◆ **Exercise data**:
|---|
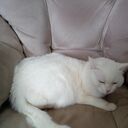 ���������� ������������, ���� ������� ����, 54 ����, ������������ ��� ������, ����� � ���������, c�������� ���������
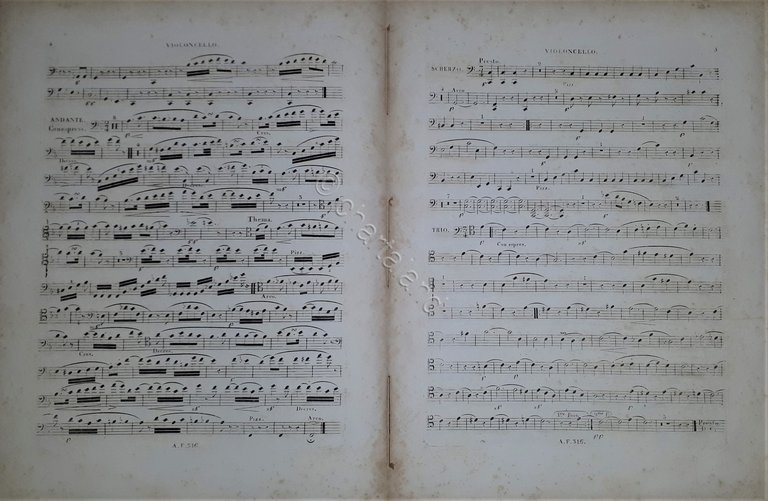 Spartiti Violoncelle 3^Trio pour Piano Violon et Violoncelle Reissiger Fine …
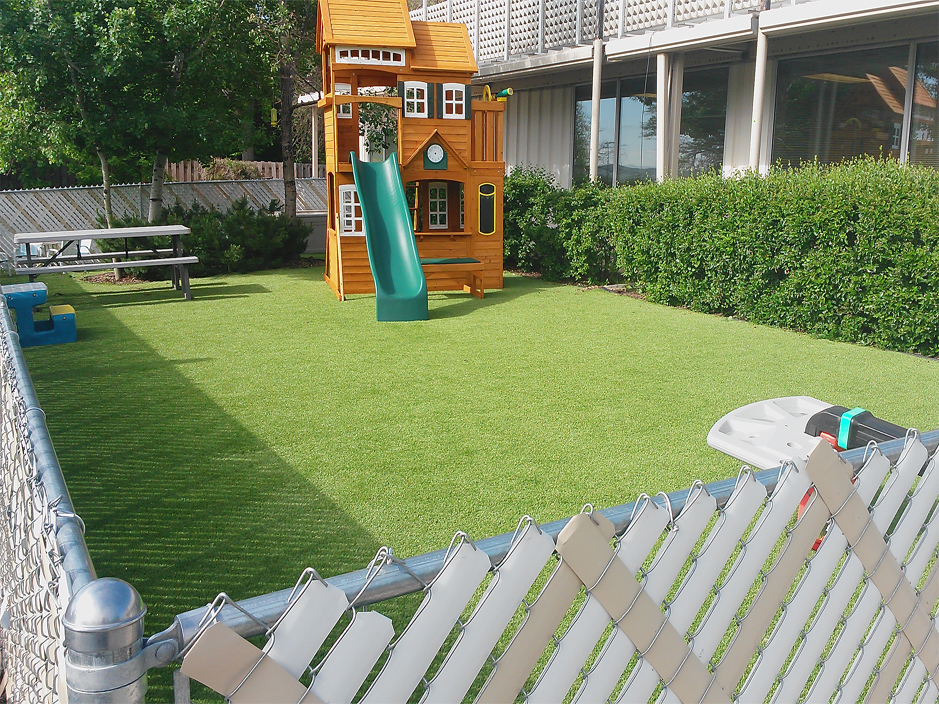 Best Artificial Grass Top Of The World Arizona Landscape Rock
|---|
The answer must be the listing above, restated word for word, with no images in it.

 ���������� ������������, ���� ������� ����, 54 ����, ������������ ��� ������, ����� � ���������, c�������� ���������
 Spartiti Violoncelle 3^Trio pour Piano Violon et Violoncelle Reissiger Fine …
 Best Artificial Grass Top Of The World Arizona Landscape Rock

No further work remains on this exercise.